It's important to remember one big difference between ADP and the BLS: ADP does not include government employees. But with that in mind, notice that in general ADP tracks the BLS' numbers. They seem to jockey for overall position, but in general move in the same direction.
Let's look at ADP in more detail.
First, notice the ADP and BLS reports generally track each other.
The BLS has service employment increasing last month by 58,000. In the latest ADP survey we see an increase of 12,000. So these series agree that service industries are starting to hire again.
As NDD points out, this is in contrast to the ISM service report which had this to say in its latest report:
Employment activity in the non-manufacturing sector contracted in December for the 23rd time in the last 24 months. ISM's Non-Manufacturing Employment Index for December registered 44 percent. This reflects an increase of 2.4 percentage points when compared to the 41.6 percent registered in November. Four industries reported increased employment, 12 industries reported decreased employment, and two industries reported unchanged employment compared to November. Comments from respondents include: "Decrease in occupancy equals decrease in employment" and "Continuing to aggressively manage costs down."
The industries reporting an increase in employment in December are: Other Services; Retail Trade; Finance & Insurance; and Public Administration. The industries reporting a reduction in employment in December — listed in order — are: Arts, Entertainment & Recreation; Real Estate, Rental & Leasing; Mining; Management of Companies & Support Services; Information; Wholesale Trade; Transportation & Warehousing; Accommodation & Food Services; Construction; Utilities; Health Care & Social Assistance; and Professional, Scientific & Technical Services.

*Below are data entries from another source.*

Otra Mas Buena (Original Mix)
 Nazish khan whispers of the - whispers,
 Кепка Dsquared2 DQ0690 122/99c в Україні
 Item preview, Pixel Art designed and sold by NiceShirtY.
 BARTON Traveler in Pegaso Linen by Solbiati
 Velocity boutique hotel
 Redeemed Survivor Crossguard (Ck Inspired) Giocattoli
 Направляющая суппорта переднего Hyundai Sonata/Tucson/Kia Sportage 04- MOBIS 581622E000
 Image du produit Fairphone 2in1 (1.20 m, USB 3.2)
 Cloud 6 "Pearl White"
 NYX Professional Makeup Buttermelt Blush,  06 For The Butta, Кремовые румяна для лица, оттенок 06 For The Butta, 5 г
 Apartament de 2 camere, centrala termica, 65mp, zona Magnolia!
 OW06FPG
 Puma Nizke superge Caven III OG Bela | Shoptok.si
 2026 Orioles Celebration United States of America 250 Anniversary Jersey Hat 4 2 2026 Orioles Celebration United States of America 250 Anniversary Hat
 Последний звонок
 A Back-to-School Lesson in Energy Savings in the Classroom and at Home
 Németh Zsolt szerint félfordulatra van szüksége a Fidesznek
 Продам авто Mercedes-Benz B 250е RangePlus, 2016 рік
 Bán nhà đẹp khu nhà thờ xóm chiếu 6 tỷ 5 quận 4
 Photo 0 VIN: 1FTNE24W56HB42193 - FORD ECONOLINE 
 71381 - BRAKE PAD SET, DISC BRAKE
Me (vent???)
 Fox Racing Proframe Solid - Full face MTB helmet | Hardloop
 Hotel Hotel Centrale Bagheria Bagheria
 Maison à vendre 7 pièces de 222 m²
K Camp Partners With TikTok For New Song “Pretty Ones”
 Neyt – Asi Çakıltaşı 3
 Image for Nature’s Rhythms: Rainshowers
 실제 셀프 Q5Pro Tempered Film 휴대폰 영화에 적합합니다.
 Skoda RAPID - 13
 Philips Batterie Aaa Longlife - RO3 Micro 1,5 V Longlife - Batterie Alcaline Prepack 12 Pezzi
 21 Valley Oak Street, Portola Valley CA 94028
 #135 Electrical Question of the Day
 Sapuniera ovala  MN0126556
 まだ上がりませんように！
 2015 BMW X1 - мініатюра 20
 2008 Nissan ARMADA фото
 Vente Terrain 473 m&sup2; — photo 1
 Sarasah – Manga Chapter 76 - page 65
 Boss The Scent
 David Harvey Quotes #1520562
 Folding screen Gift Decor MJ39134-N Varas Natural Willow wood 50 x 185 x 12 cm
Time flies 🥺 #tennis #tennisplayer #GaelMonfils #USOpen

The logical conclusion from the ISM report in relation to the BLS/ADP report is the 4 industries that are hiring did so in greater numbers than the 12 that were reporting a decrease in employment. Note that this ISM report is for December (the holiday season) and one of the areas of hiring was retail employment. However, also note that finance and insurance were hiring in the ISM survey and that "professional and business service" employment increased by 86,000 in the BLS survey. In short, it appears as though the professional services sector is very important right now.
In contrast, manufacturing employment is still in the dumps:
But it's important to place this number in historical perspective with two other data points. First, here is a chart of total manufacturing jobs going back to 1979:
Notice that after the last recession we lost about 2.5 million manufacturing jobs that never came back. However --
Overall production (the red line with the arrow underneath it) continued to increase during the 2001 expansion. In other words, the US was making more "stuff," only with fewer people. I would expect that trend to continue after this expansion as well. This means we have two choices regarding the displaced manufacturing workers. Either get more manufacturing business going or retrain them.
However, the BLS and ADP data is in contrast with the ISM Manufacturing survey:
ISM's Employment Index registered 52 percent in December, which is 1.2 percentage points higher than the 50.8 percent reported in November. This is the third month of growth in manufacturing employment, following 14 consecutive months of decline. An Employment Index above 49.7 percent, over time, is generally consistent with an increase in the Bureau of Labor Statistics (BLS) data on manufacturing employment.
Seven of the 18 manufacturing industries reported growth in employment in December in the following order: Apparel, Leather & Allied Products; Printing & Related Support Activities; Petroleum & Coal Products; Paper Products; Transportation Equipment; Machinery; and Electrical Equipment, Appliances & Components. The eight industries that reported decreases in employment during December — listed in order — are: Wood Products; Textile Mills; Miscellaneous Manufacturing; Nonmetallic Mineral Products; Plastics & Rubber Products; Food, Beverage & Tobacco Products; Chemical Products; and Fabricated Metal Products.
In order to coordinate this data with the BLS/ADP data, the logical conclusion is that the number of employers shedding jobs (8 industries) are doing so at a faster rate than those that are adding jobs (7 industries).
Finally, we have initial unemployment claims:
Back in the late spring/early summer, this was one of the first economic numbers that got me thinking the worst was over. Well, it is still moving in the right direction.
Taking all the data into consideration we get the following points:
1.) Service are employment is increasing, despite the numbers from the ISM non-manufacturing survey.
2.) Manufacturing employment is probably going through another round of attrition. That is,, manufacturers are using the current downturn to again shed workers.
3.) Initial unemployment claims continue to move lower.